Engineered silicate-solubilizing bacterial community alleviates nutrient stress in field-grown maize by enhancing silicon uptake and optimizing rhizosphere microecology

Context: Silicon (Si), as a functional element, is known to benefit the development and growth of cereals, especially under stress conditions. Si biofortification in crops using silicate-solubilizing bacteria (SSB) offers an eco-friendly biotechnique for enhancing crop resilience. Objective: This study aimed to test the effectiveness of a synthetic community of SSBs (SSB SynCom), isolated from across the country for high silica degradation capacity, in supporting competitive maize yields with reduced fertilizer application. Methods: A two-year field experiment was conducted to compare the effect of SSB SynCom on maize growth, yield and rhizosphere microecology with reduced fertilizer application. Results: The application of SSB SynCom significantly increased biomass and yield in maize under nutritional stress, particularly nitrogen (N) deficiency.

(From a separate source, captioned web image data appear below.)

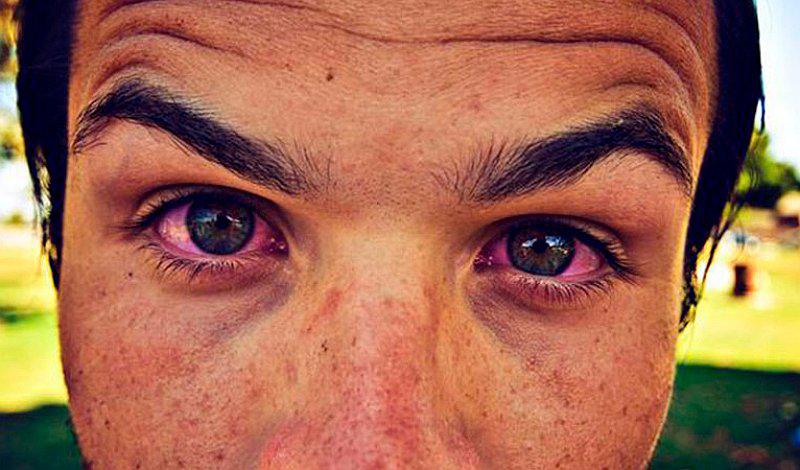 Conoce por qué los ojos se ponen rojos al fumar marihuana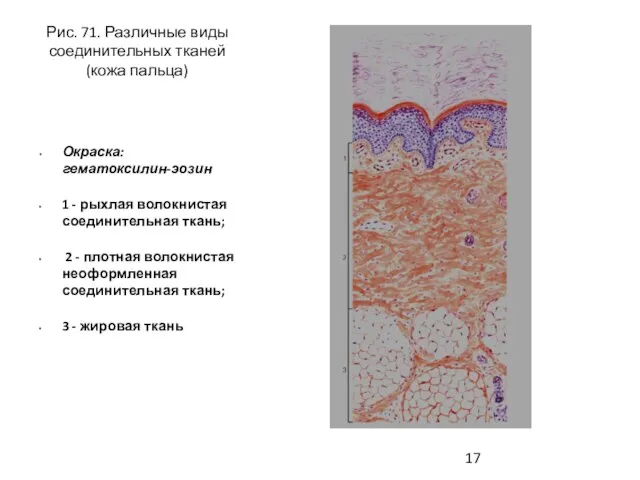 Рис. 71. Различные виды соединительных тканей (кожа пальца) Окраска: гематоксилин-эозин 1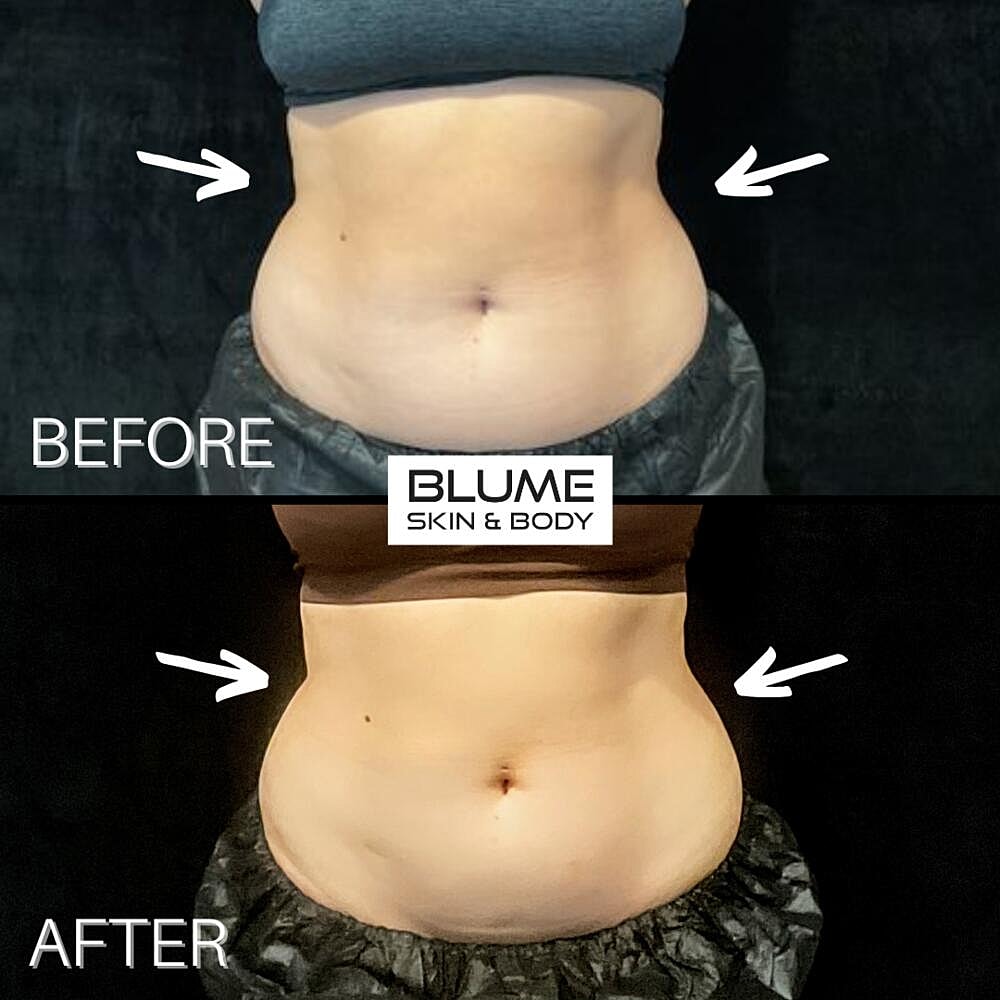 Body Sculpting Before & After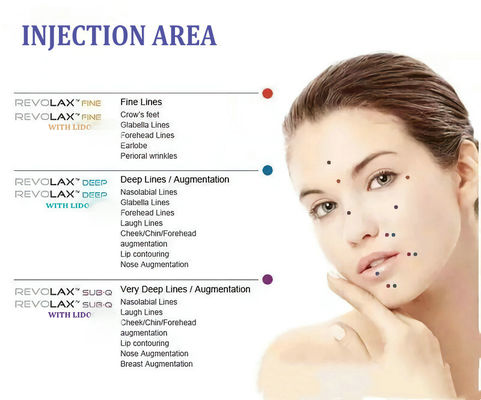 Revolax Hyaluronic Acid Facial Fillers สำหรับการขยายใบหน้า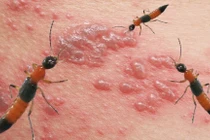 Cần làm gì khi bị kiến ba khoang đốt?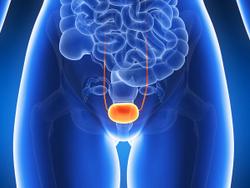FDA Accepts BLA for N-803 Plus BCG for BCG-Unresponsive Non-Muscle Invasive Bladder Carcinoma in Situ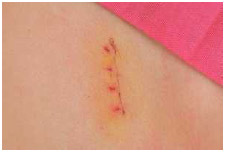 Close-up of recent appendix surgery scar.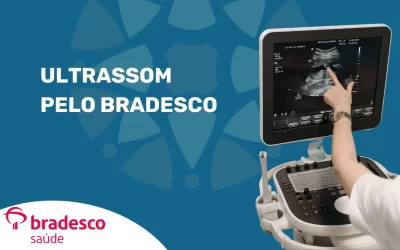 Ultrassonografia pelo Bradesco Saúde em São Paulo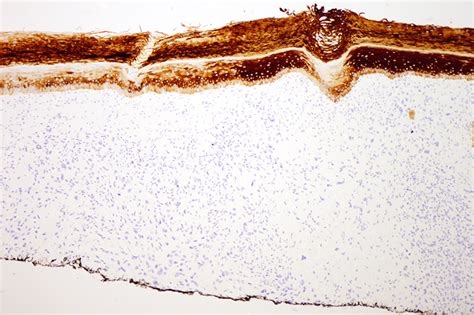 Atypical Fibroxanthoma | Dermatopathology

Leaf photosynthetic capacity, Si concentration, and the expression levels of Si transporter genes were notably enhanced with SSB SynCom, along with significant changes in rhizosphere microecology. Notably, N and Si concentration in the shoots were strongly correlated. Additionally, several key microbial genera showed significant positive associations with the nutritional status of the host plant. Conclusion: The investigated SSB SynCom proved to be a highly effective microbial agent for improving yield via N-Si interactions in field-grown maize with reduced fertilizer input, offering new avenues for sustainable agricultural development.